Investment in fixed assets is expected to rise modestly in 2004-2005. The upturn will be driven by investment in machinery and equipment, which showed a significant rebound in late 2003, coupled with some revival in construction. The easing of inventory adjustment will also contribute to the economic recovery in 2004-2005.

Merchandise exports measured in US dollars are forecast to grow by 12.2% this year and by 7.5% in 2005. This strong growth will be supported by economic recoveries in the US, EU, and Japan, as well as the pickup in global IT-related industries, significant growth in intraregional trade (stemming largely from the PRC’s economic boom), and the free trade agreement with the US. Imports will likely rise at a slower pace than exports. The services trade surplus is expected to widen, due to an anticipated revival of trade and tourism in the region following the containment of SARS. The current account surplus is forecast to rise to 34.5% of GDP in 2004 but then decline to 32.7% in 2005.

Domestic prices are likely to edge higher as the economy picks up pace, but price rises will be restrained by a benign external inflationary environment and lack of domestic cost pressures. With stronger than expected GDP growth in the first quarter of 2004 (7.3% on a preliminary basis) and higher inflation in January and February, the Monetary Authority of Singapore tightened monetary policy in April by allowing a modest and gradual appreciation of the Singapore dollar. Given the moderate outlook for inflation, a neutral monetary policy is likely for much of the rest of the year, to support a sustainable recovery in domestic demand. Fiscal conditions are expected to improve, reflecting stronger economic growth. The operating fiscal deficit will shrink in 2004 and the operating budget is likely to be in balance in 2005.

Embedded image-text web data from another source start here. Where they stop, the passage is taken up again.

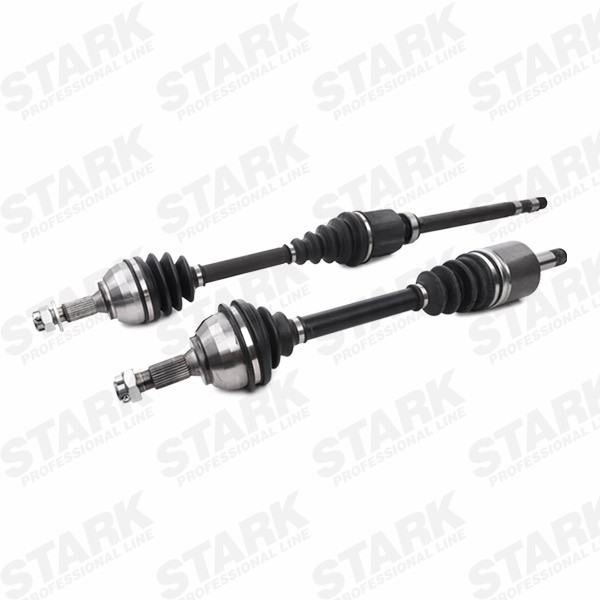 SKDS0211073 Half shaft STARK SKDS-0211073 review and test
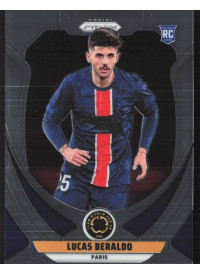 Lucas Beraldo, Kartička, 2025 Panini Prizm FIFA Club World Cup Soccer, BASE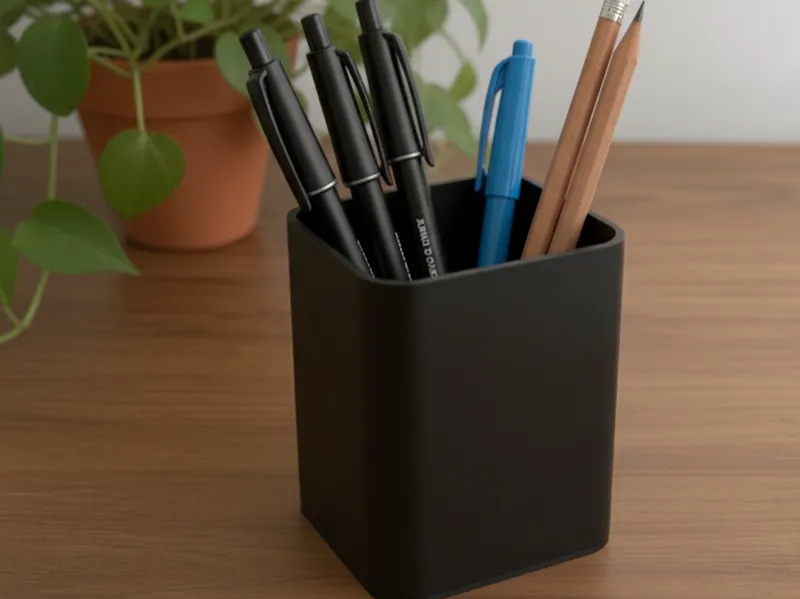 Minimalist Pen Holder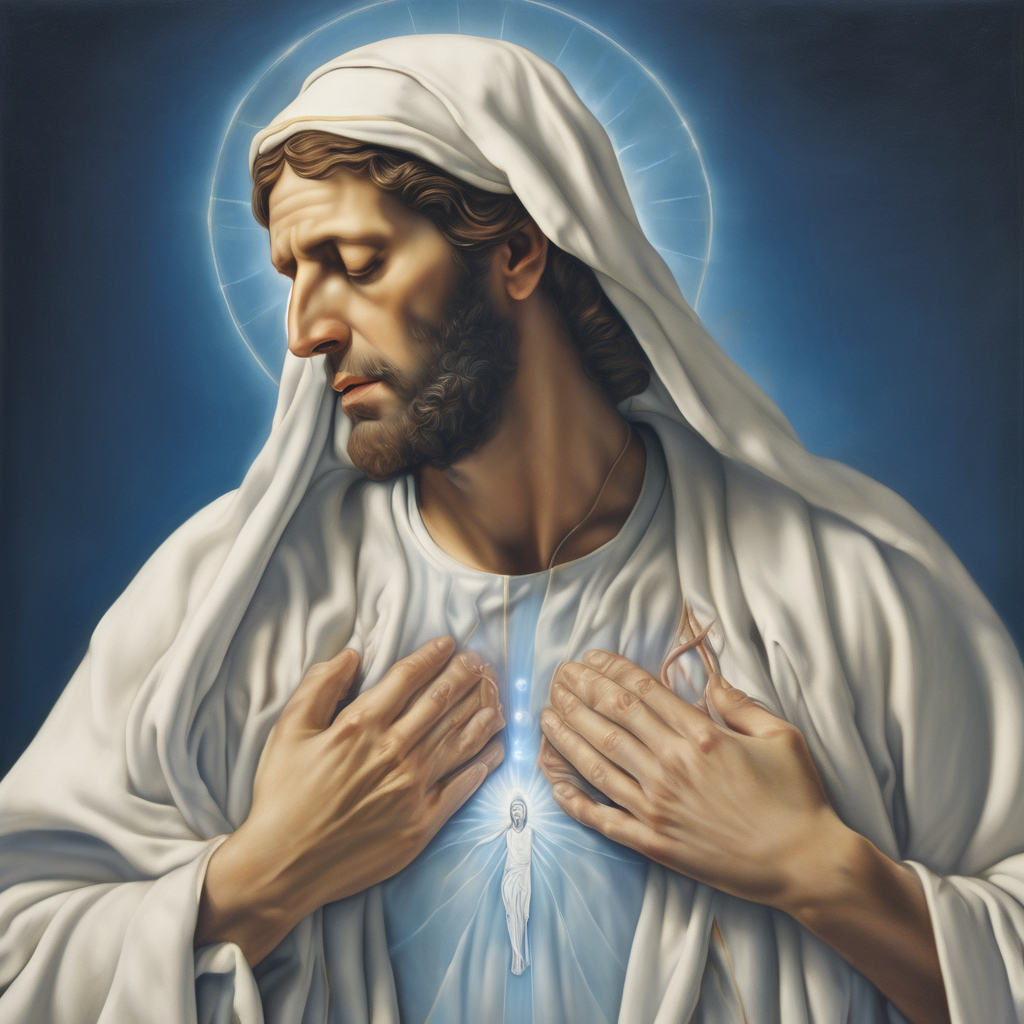 Oración de Sanidad para Sistema Nervioso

From a sector perspective, the growth momentum of electronics, chemicals, and bio­medicals will remain strong in 2004. An overall strengthening of manufacturing is likely from mid-2004 and the construction sector is forecast to gradually stop contracting. Services are expected to register strong growth in 2004-2005, reflecting the post-SARS recovery (for 2004), improving regional trade and investment, and increased consumer spending.

Risks to a sustained recovery include uncertainty in global demand conditions, and in particular uncertainty about the upturn in the global electronics cycle; possible interest rate hikes in the US; and possible terrorist attacks, which would damage Singapore’s tourism, transport, and related services industries.